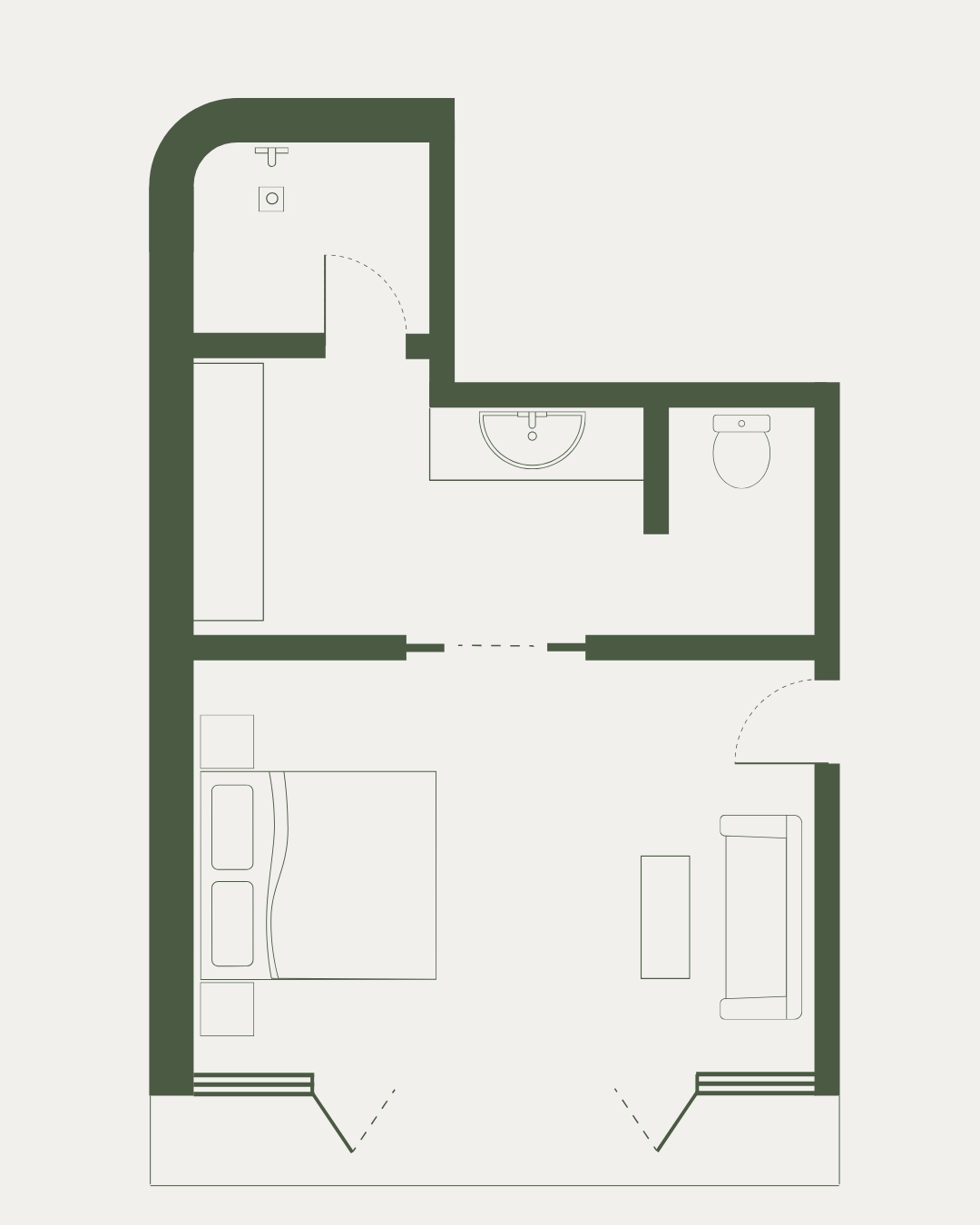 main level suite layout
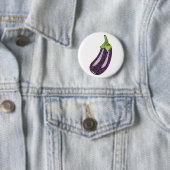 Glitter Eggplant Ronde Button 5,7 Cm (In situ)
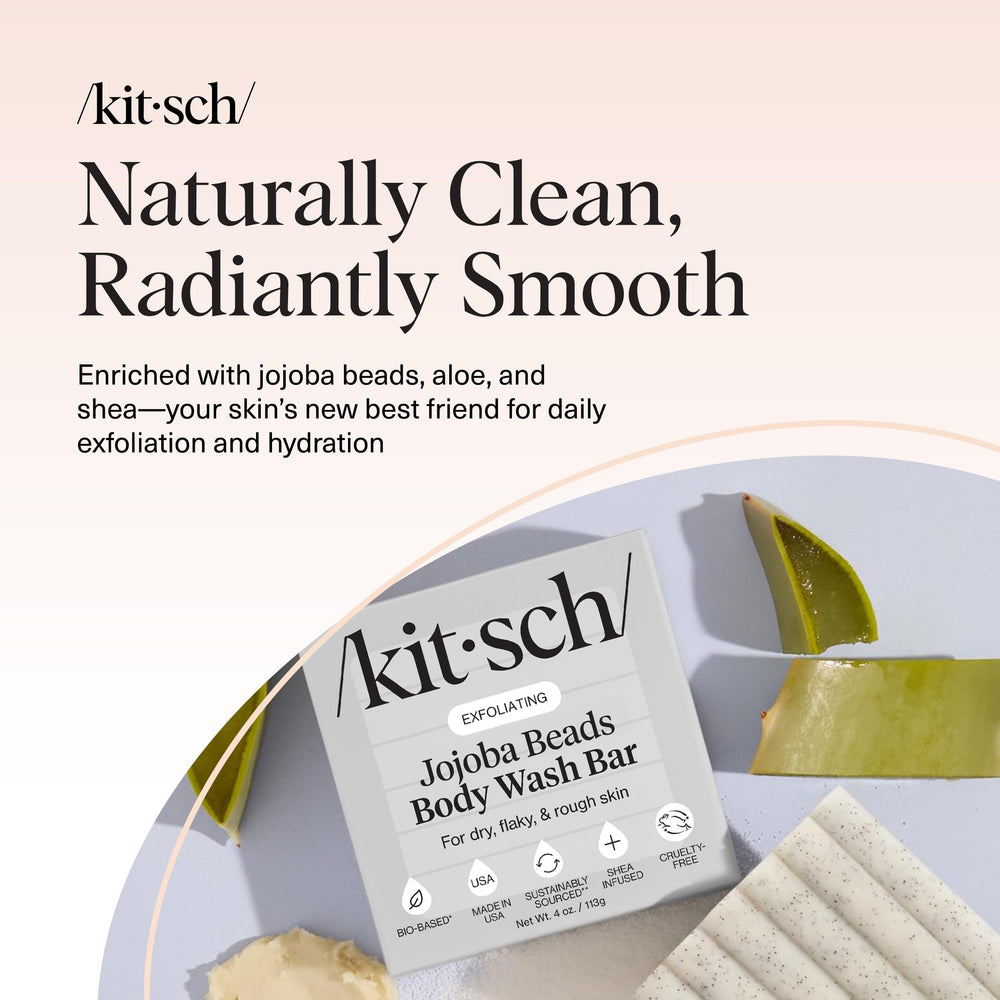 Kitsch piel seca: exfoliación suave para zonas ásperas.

- [Exercise aim]:
Please, leaving out all pictures, transcribe exactly the lines above from the one containing "Glitter Eggplant Ronde" through the final line, both included.

- [Task output]:
 Glitter Eggplant Ronde Button 5,7 Cm (In situ)
 Kitsch piel seca: exfoliación suave para zonas ásperas.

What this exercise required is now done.